I have 2 dataframes. Df1 looks like this
df2 looks like this
i want to compare three columns in both these dataframes, namely, Application_ID, Task Type and Task Category. If there is a row where these 3 column values match (in the screenshots above, these column values do match), I want to create a column called Task_ID in df1 and assign it to the value of Task_ID in df2.
In other words, if there is a match, Task_ID for df1 = 1234 (since the Task_ID for df2 is 1234). How do I do this? Any help is most welcome. thanks in advance.
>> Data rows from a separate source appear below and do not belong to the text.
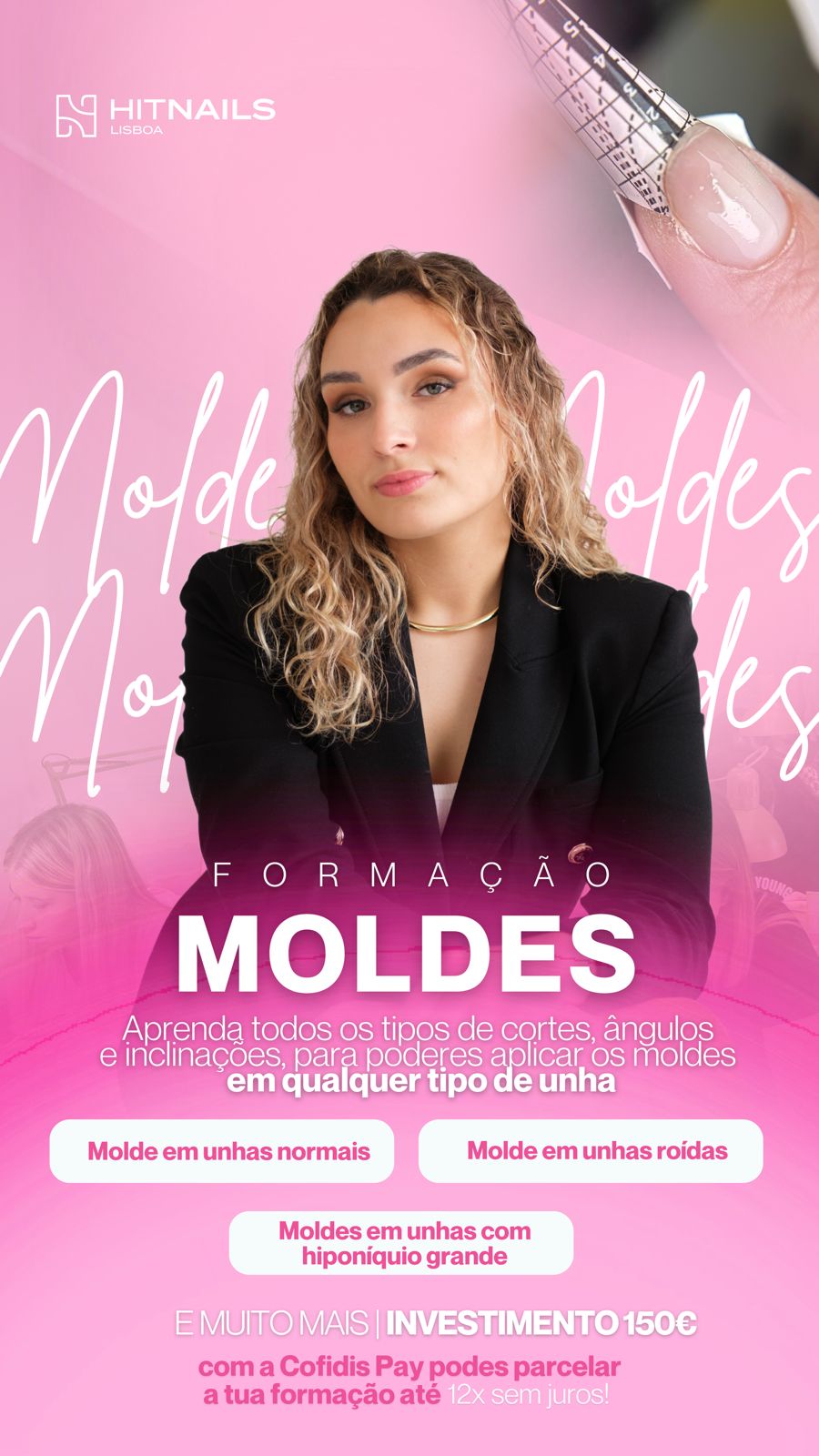Moldes
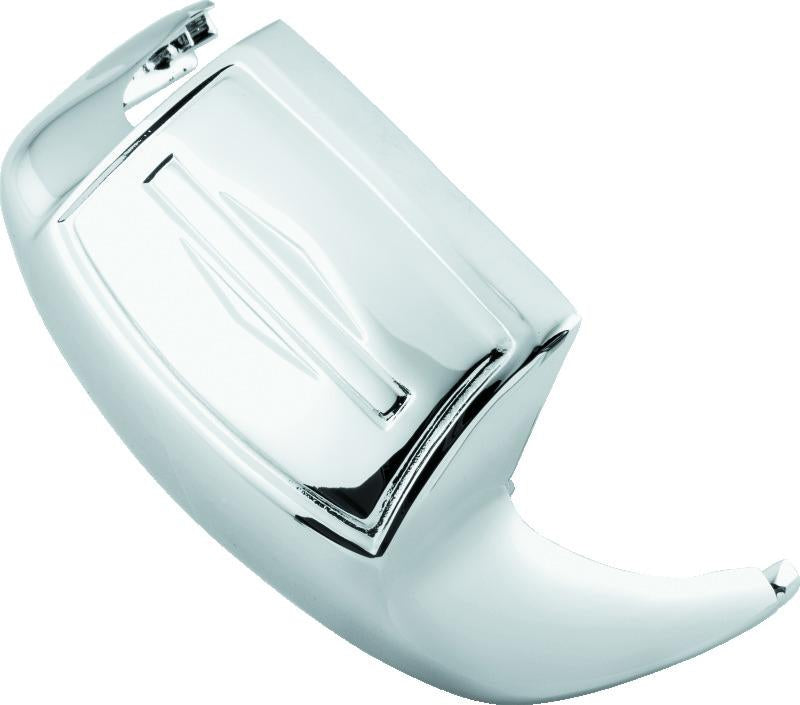 Bikers Choice 67-E82 FL Front Early Style Fender Tip Replaces H-D 59215-59A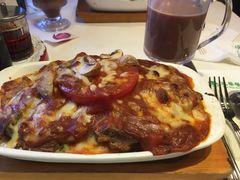 -翠华餐厅(山顶道店)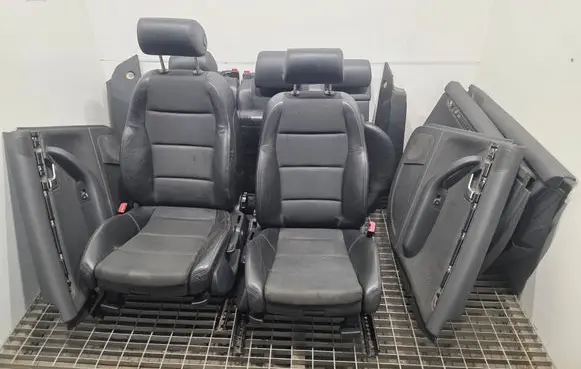 Audi A4 S4 B6 8E 8H Interior set 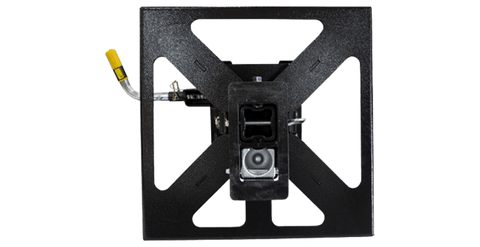Demco 8550046 21K Recon Hitch - Bottom Underside View | United RV Parts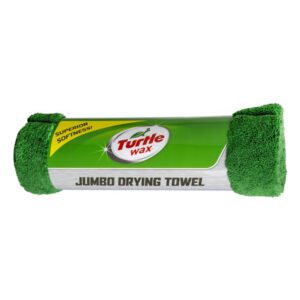 Jumbo Drying Towel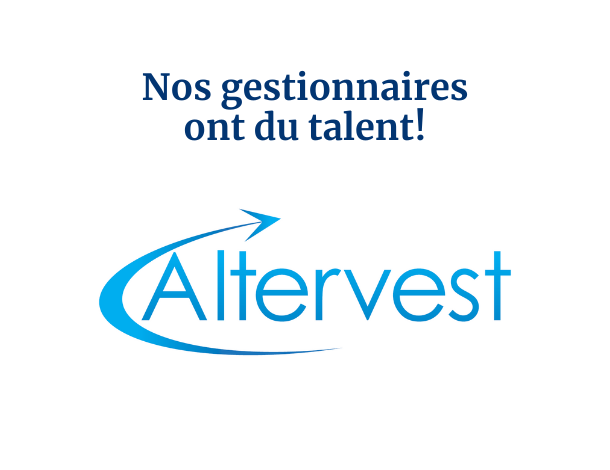 Altervest : Dénicher la crème de l’alternatif pour offrir une diversification optimale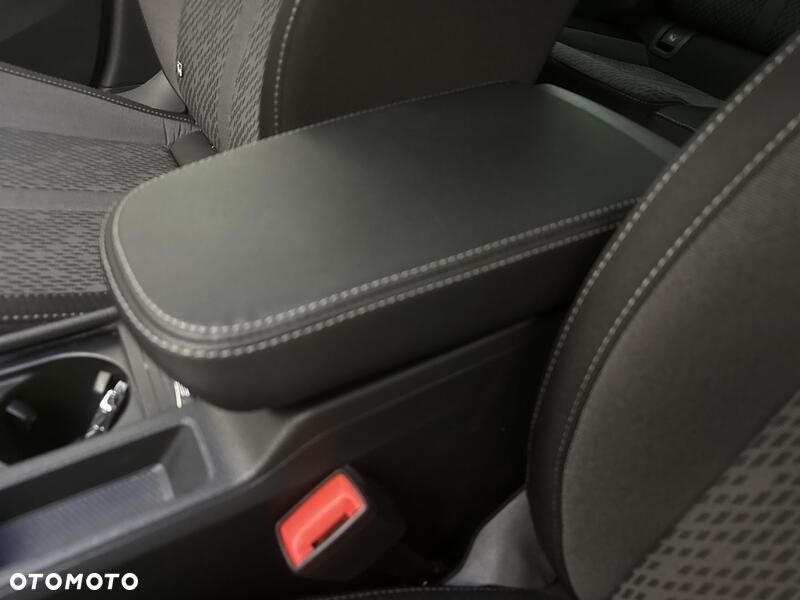 Skoda Octavia 1.5 TSI ACT Ambition - 18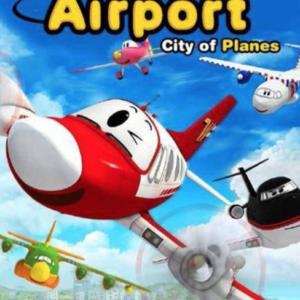 Airport: City of Planes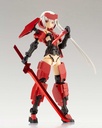 (PO) Frame Arms Girl Weapon Set Jinrai Ver. (Re-issue) Image_14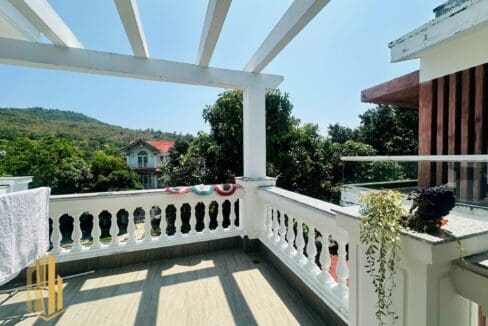 discover serenity: rent a 7 bedroom an vien villa in the south nha trang city – v051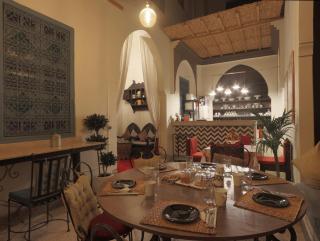 Riad Villa Elgada - Marrakesh - 1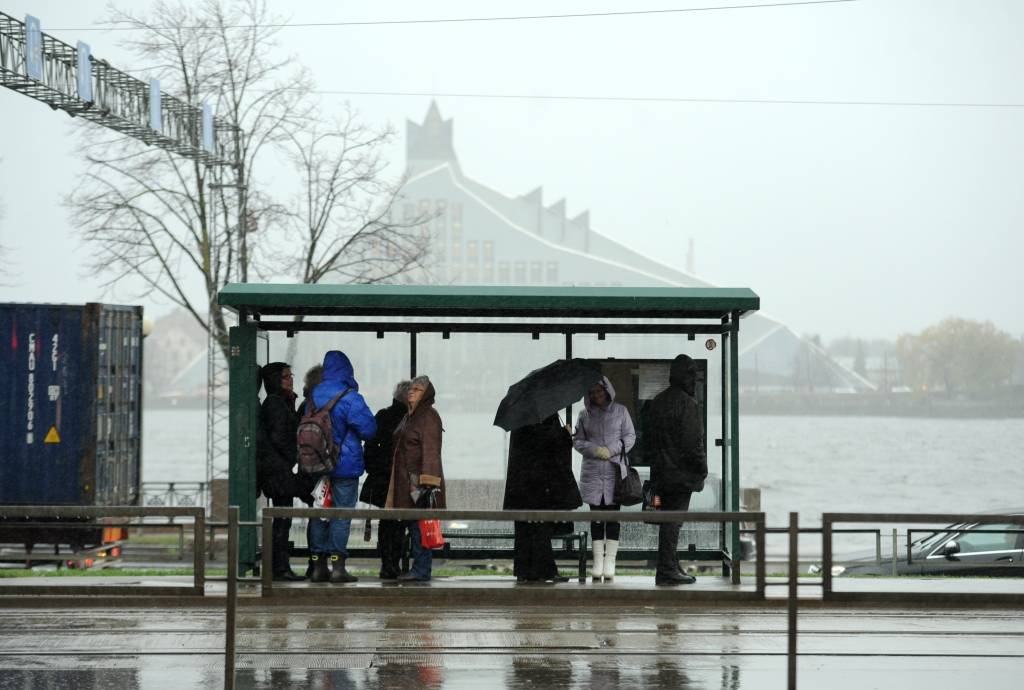 Gadumijā Rīgas sabiedriskajā transportā jāmaksā nebūs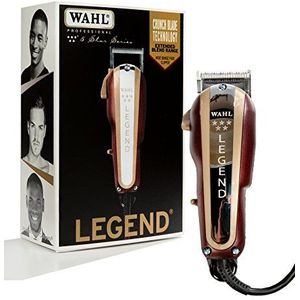 Wahl 5 Star Legend - Tondeuse - Snijbreedte 40 mm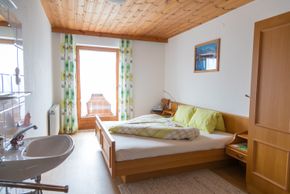 Ferienwohnung Enzian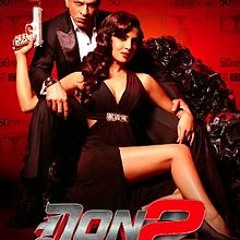 DON 2 ( THEME SONG ) EXC. REMIX BY DJ ASH AKA ASHUTOSH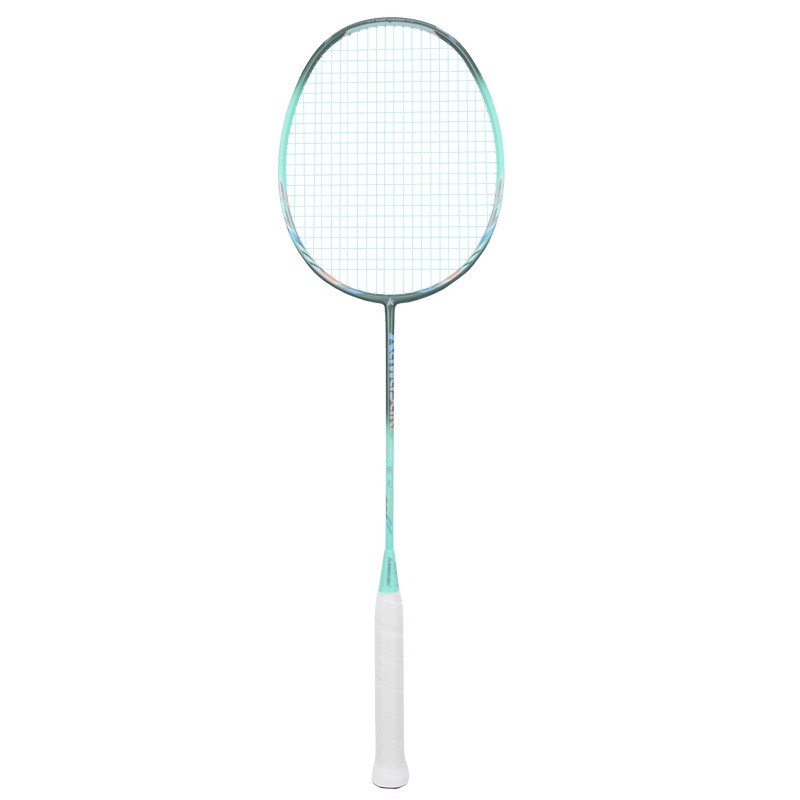 Kawasaki Kawasaki Badminton Racket Steel Cannon Cannon เต็มคาร์บอนไฟเบอร์ Ultra Light Professional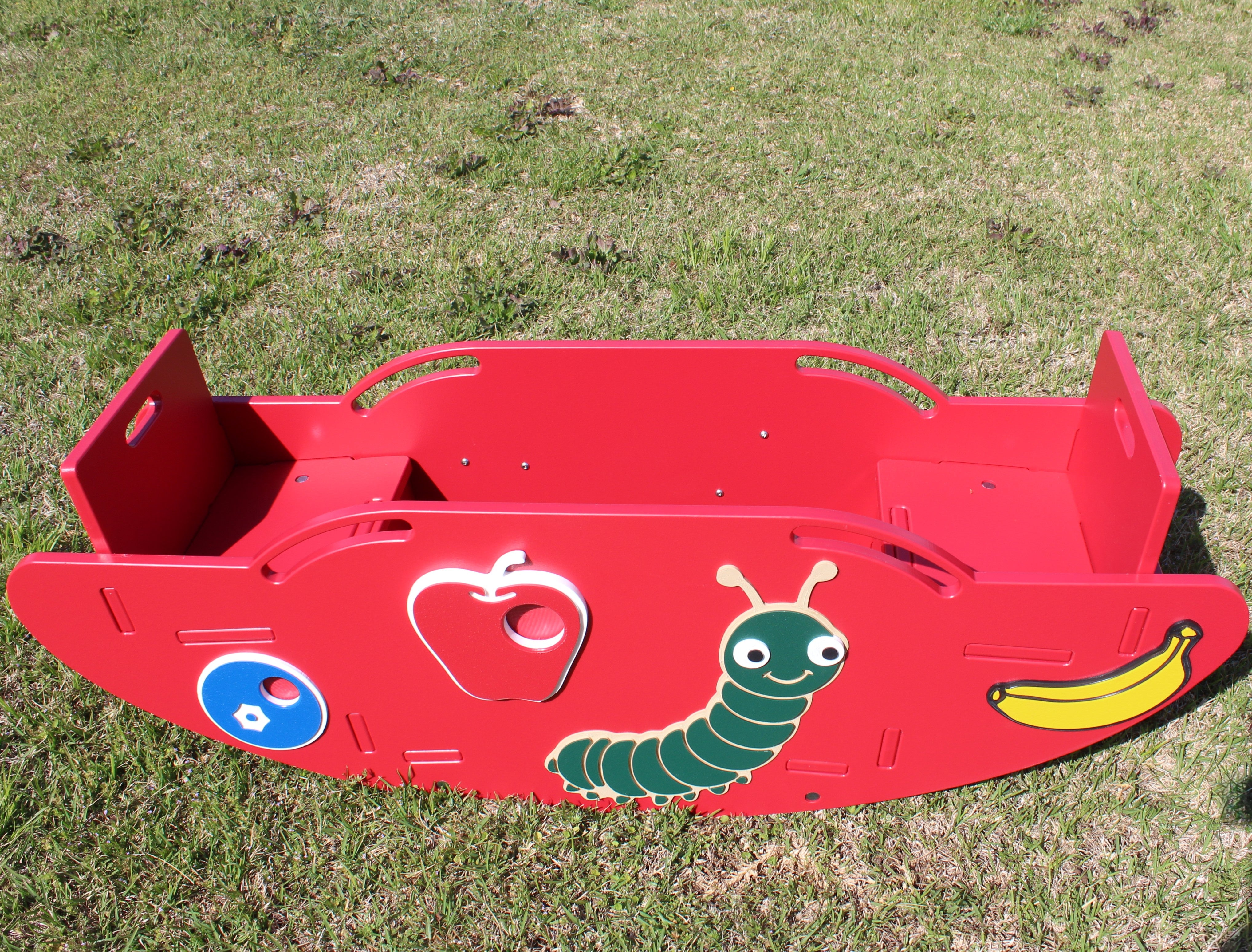 Infinity Playgrounds Slayden's Seesaw SKU IP-9156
CodePudding user response:
Try something like this:
df1 = pd.DataFrame({
'Overal PIA Status': ['In Progress'],
'Task Type': ['Privacy Monitoring'],
'Task Category': ['PIA Monitoring'],
'Due Date': ['9/30/2022'],
'Custodian': ['asdfghjkl'],
'Application_ID': [1234]
})
df2 = pd.DataFrame({
'Task Type': ['Privacy Monitoring'],
'Task Category': ['PIA Monitoring'],
'Task Title': ['Application PIA Not Started'],
'Due Date': ['9/24/2022'],
'Task Owner': ['asdfghjkl'],
'Application_ID': [1234],
'Task_ID': [5678]
})
df1['Task_ID'] = [
df2['Task_ID'][i]
if set(df2[['Application_ID', 'Task Type', 'Task Category']].iloc[i])
== set(df2[['Application_ID', 'Task Type', 'Task Category']].iloc[i])
else None
for i in range(len(df1))
]
print(df1)
Output:
Overal PIA Status Task Type Task Category Due Date Custodian Application_ID Task_ID
0 In Progress Privacy Monitoring PIA Monitoring 9/30/2022 asdfghjkl 1234 5678
CodePudding user response:
I did not test it, as I don't have a sample dataset from you, however here is my solution using pd.merge:
pd.merge(df1, df2[['Application_ID', 'Task Type', 'Task Category', 'Task_ID']],
on=['Application_ID', 'Task Type', 'Task Category'], how='left')
Hope it works!